Der sogenannte Gelbkörper (Corpus luteum) entsteht nach dem Eisprung aus den Resten des gesprungenen Graaf-Follikels. Der Gelbkörper bildet Östrogen (weibliches Geschlechtshormon) und Progesteron. Wird die reife Eizelle nicht befruchtet, bildet sich der Gelbkörper zurück. Dadurch sinkt der Hormonspiegel und löst dadurch dieMenstruation aus. In der Schwangerschaft bleibt der Gelbkörper in den ersten drei Monaten erhalten und produziert Hormone, welche die Schwangerschaft aufrechterhalten.
Eine Corpus-luteum-Zyste ist ein zystenförmig vergrößerter Gelbkörper. Corpus-luteum-Zysten können eine Größe von bis zu acht Zentimetern erreichen und bilden sich in der Regel von selbst zurück.
Luteinzysten bilden sich meist in beiden Eierstöcken, wenn die Produktion von HCG (humanes Choriongonadotropin) stark erhöht ist. Dies ist zum Beispiel bei Mehrlingsschwangerschaften oder manchen Erkrankungen der Fall. HCG ist ein Hormon, welches der Mutterkuchen (Plazenta) vor allem in den ersten zwei bis drei Schwangerschaftsmonaten bildet. Das Hormon HCG ähnelt den Hormonen FSH, LH und Prolaktin, sogenannten gonadotropinen Hormonen – sie regen die Eizellen in den Eierstöcken an, zu reifen. FSH, LH und Prolaktin eignen sich deshalb zur Behandlung der weiblichen Unfruchtbarkeit. Als Nebenwirkung dieser hormonellen Therapie können ebenfalls Luteinzysten auftreten. Die Zysten werden bis zu 30 Zentimeter groß.

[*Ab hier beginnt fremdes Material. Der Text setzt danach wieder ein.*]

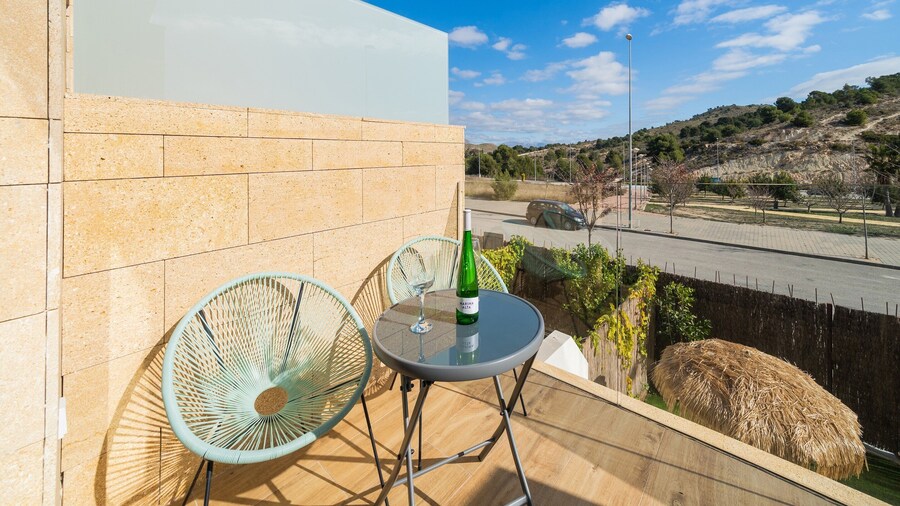 Villajoyosa Home With Shared Pool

Luteinzysten bilden sich meist von selbst zurück, wenn ihre Ursachen beseitigt werden. Etwa nach der Geburt von Mehrlingen oder dem Absetzen einer Hormonbehandlung verschwinden diese Eierstockzysten wieder.
Verschiedene Erkrankungen kommen bei einer Eierstockzyste (Ovarialzyste) ebenfalls als Ursachen infrage. Polyzystische Ovarien als Sonderform funktioneller Zysten sind ein Hauptmerkmal des polyzystischen Ovarialsyndroms (PCO), einem eigenständigen Krankheitsbild. Dabei kommen in den Eierstöcken viele Zysten vor, die aber meistens relativ klein sind.
Ein weiteres Krankheitsbild, welches bei einer Eierstockzyste zu den Ursachen zählen kann, ist die sogenannte Endometriose. Endometriosezysten haben ein charakteristisches Aussehen. Sie enthalten dunkelbraune, eingedickte Blutabbauprodukte und werden deshalb auch als Schokoladenzysten bezeichnet.